__Exercise details__
Would you transcribe exactly the lines below, starting at the one that contains "Sono Io! album cover" and ending with the last line, both included? Leave out all other lines.

[Items listed in a dataset]
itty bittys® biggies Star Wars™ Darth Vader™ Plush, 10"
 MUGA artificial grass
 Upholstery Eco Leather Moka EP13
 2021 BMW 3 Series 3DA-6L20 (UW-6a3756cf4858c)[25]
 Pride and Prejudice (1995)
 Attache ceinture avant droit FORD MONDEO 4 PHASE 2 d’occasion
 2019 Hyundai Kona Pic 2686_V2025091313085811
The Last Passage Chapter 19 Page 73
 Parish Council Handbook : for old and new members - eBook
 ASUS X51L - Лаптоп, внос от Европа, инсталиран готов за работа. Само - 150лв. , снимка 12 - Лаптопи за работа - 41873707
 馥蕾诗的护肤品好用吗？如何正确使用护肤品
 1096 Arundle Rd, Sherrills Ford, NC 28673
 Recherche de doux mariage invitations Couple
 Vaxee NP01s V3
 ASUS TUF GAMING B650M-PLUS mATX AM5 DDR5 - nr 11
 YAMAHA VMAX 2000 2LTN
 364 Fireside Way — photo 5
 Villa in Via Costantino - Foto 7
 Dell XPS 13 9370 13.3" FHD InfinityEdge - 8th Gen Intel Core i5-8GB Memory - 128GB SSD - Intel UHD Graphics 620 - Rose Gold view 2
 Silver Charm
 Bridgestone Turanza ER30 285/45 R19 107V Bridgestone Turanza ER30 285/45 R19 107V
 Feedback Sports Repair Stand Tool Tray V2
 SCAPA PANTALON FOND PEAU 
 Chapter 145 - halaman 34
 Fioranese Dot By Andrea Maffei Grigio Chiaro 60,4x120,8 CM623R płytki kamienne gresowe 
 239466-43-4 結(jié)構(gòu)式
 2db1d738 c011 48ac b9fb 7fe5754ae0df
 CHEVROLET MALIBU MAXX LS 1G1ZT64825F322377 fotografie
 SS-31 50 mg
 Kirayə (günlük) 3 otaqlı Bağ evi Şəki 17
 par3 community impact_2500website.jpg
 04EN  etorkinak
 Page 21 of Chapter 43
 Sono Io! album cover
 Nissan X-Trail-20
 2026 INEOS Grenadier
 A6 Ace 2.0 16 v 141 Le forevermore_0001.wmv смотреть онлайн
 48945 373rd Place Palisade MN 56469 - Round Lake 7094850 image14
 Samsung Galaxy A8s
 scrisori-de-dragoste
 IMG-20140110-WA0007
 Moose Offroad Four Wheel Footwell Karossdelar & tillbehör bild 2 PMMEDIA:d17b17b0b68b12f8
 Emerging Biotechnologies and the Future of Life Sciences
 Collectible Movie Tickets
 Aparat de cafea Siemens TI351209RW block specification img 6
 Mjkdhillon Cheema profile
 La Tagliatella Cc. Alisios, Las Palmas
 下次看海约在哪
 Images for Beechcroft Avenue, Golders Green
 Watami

__Task response__
 Sono Io! album cover
 Nissan X-Trail-20
 2026 INEOS Grenadier
 A6 Ace 2.0 16 v 141 Le forevermore_0001.wmv смотреть онлайн
 48945 373rd Place Palisade MN 56469 - Round Lake 7094850 image14
 Samsung Galaxy A8s
 scrisori-de-dragoste
 IMG-20140110-WA0007
 Moose Offroad Four Wheel Footwell Karossdelar & tillbehör bild 2 PMMEDIA:d17b17b0b68b12f8
 Emerging Biotechnologies and the Future of Life Sciences
 Collectible Movie Tickets
 Aparat de cafea Siemens TI351209RW block specification img 6
 Mjkdhillon Cheema profile
 La Tagliatella Cc. Alisios, Las Palmas
 下次看海约在哪
 Images for Beechcroft Avenue, Golders Green
 Watami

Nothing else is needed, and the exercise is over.